Basic enviroment for all the robot environments in the frobs_rl library. To use a custom world, one can use two options: 1) set the path directly to the world file (world_path) or set the pkg name and world filename (world_pkg and world_filename).

Parameters

launch_gazebo (bool) – If True, launch Gazebo at the start of the env.
gazebo_init_paused (bool) – If True, Gazebo is initialized in a paused state.
gazebo_use_gui (bool) – If True, Gazebo is launched with a GUI (through gzclient).
gazebo_recording (bool) – If True, Gazebo is launched with a recording of the GUI (through gzclient).
gazebo_freq (int) – The publish rate of gazebo in Hz.
world_path (str) – If using a custom world then the path to the world.
world_pkg (str) – If using a custom world then the package name of the world.
world_filename (str) – If using a custom world then the filename of the world.
gazebo_max_freq (float) – max update rate for gazebo in real time factor: 1 is real time, 10 is 10 times real time.
gazebo_timestep (float) – The timestep of gazebo in seconds.
spawn_robot (bool) – If True, the robot is spawned in the environment.
model_name_in_gazebo (str) – The name of the model in gazebo.
namespace (str) – The namespace of the robot.
pkg_name (str) – The package name where the robot model is located.
urdf_file (str) – The path to the urdf file of the robot.
urdf_folder (str) – The path to the folder where the urdf files are located.
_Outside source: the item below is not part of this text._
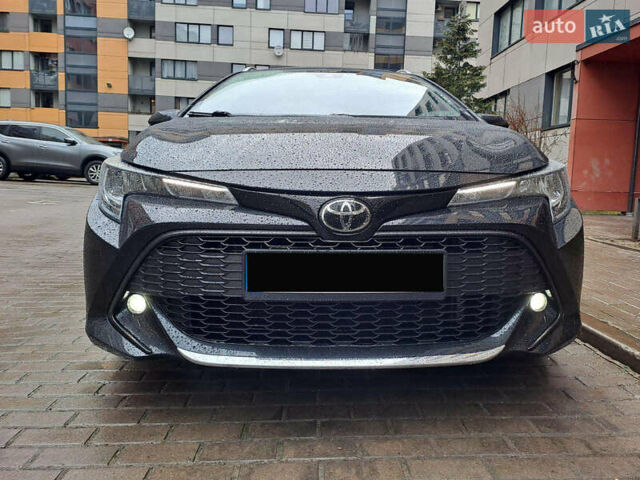 Черный Тойота Королла, объемом двигателя 1.2 л и пробегом 153 тыс. км за 14999 $, фото 1 на Automoto.ua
Default is “/urdf”.
urdf_xacro_args (str) – The arguments to be passed to the xacro parser.
controller_file (str) – The path to the controllers YAML file of the robot.
controller_list (list of str) – The list of controllers to be launched.
rob_state_publisher_max_freq (int) – The maximum frequency of the ros state publisher.
rob_st_term (bool) – If True, the robot state publisher is launched in a new terminal.
model_pos_x – The x position of the robot in the world.
model_pos_y – The y position of the robot in the world.
model_pos_z – The z position of the robot in the world.
model_ori_x – The x orientation of the robot in the world.
model_ori_y – The y orientation of the robot in the world.
model_ori_z – The z orientation of the robot in the world.
model_ori_w – The w orientation of the robot in the world.
reset_controllers (bool) – If True, the controllers are reset at the start of each episode.
reset_mode – If 1, reset Gazebo with a “reset_world” (Does not reset time) If 2, reset Gazebo with a “reset_simulation” (Resets time)
step_mode – If 1, step Gazebo using the “pause_physics” and “unpause_physics” services. If 2, step Gazebo using the “step_simulation” command.
num_gazebo_steps – If using step_mode 2, the number of steps to be taken.

_check_if_done()[source]

Function to check if the episode is done.

If the episode has a success condition then set done as:: self.info[‘is_success’] = 1.0

_check_subs_and_pubs_connection()[source]: Function to check if the gazebo and ros connections are ready

_get_observation()[source]: Function to get the observation from the enviroment.

_get_reward()[source]: Function to get the reward from the enviroment.

_reset_gazebo()[source]: Function to reset the gazebo simulation.

_send_action(action)[source]: Function to send an action to the robot

_set_episode_init_params()[source]: Function to set some parameters, like the position of the robot, at the begining of each episode.

close()[source]: Function to close the environment when training is done.

reset()[source]: Function to reset the enviroment after an episode is done.

step(action)[source]: Function to send an action to the robot and get the observation and reward.